** Exercise aim **
Here is the task for the listing below: output exactly the lines from the one containing "Philothamnus macrops" through the one containing "How to import a DWG file into Sketchup", and leave out the pictures.

[Opening Supplied data section]

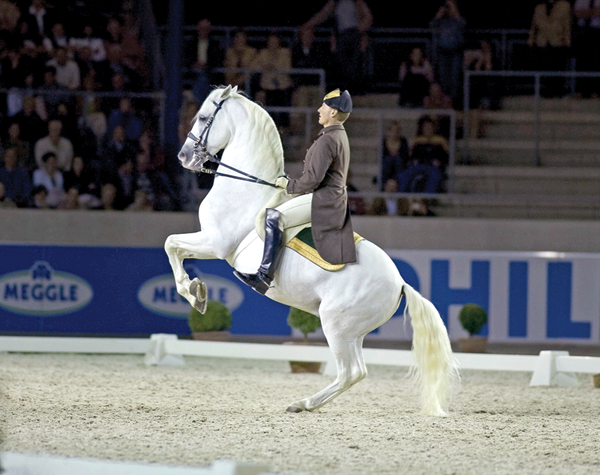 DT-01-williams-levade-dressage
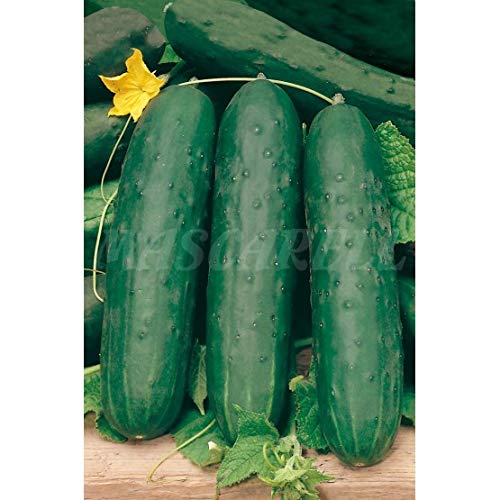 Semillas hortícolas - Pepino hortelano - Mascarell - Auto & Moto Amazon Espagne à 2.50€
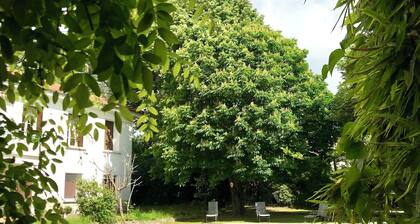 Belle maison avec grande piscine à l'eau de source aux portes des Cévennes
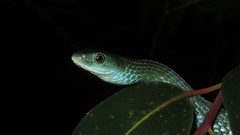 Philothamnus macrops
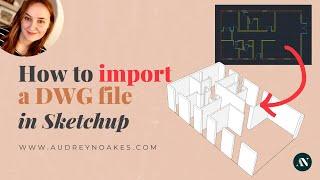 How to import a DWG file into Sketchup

[Closing Supplied data section]
[Opening Supplied data section]

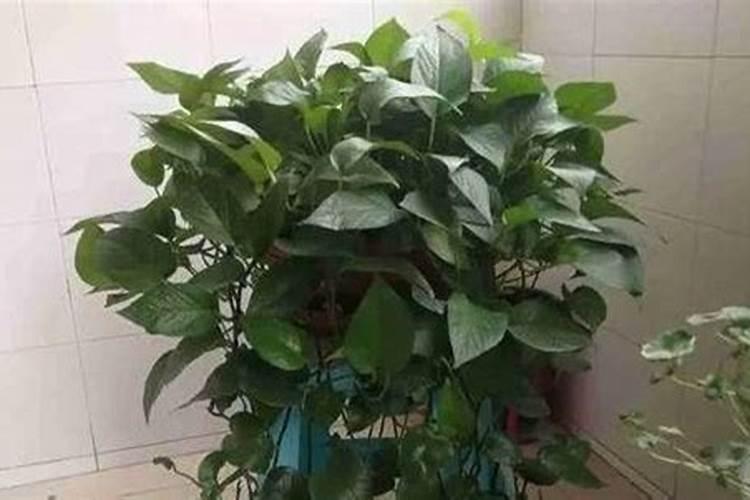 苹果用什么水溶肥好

[Closing Supplied data section]
[Opening Supplied data section]

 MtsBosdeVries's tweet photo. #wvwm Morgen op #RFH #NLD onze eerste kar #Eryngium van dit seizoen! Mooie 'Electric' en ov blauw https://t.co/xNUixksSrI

[Closing Supplied data section]

** Reply **
 Philothamnus macrops
 How to import a DWG file into Sketchup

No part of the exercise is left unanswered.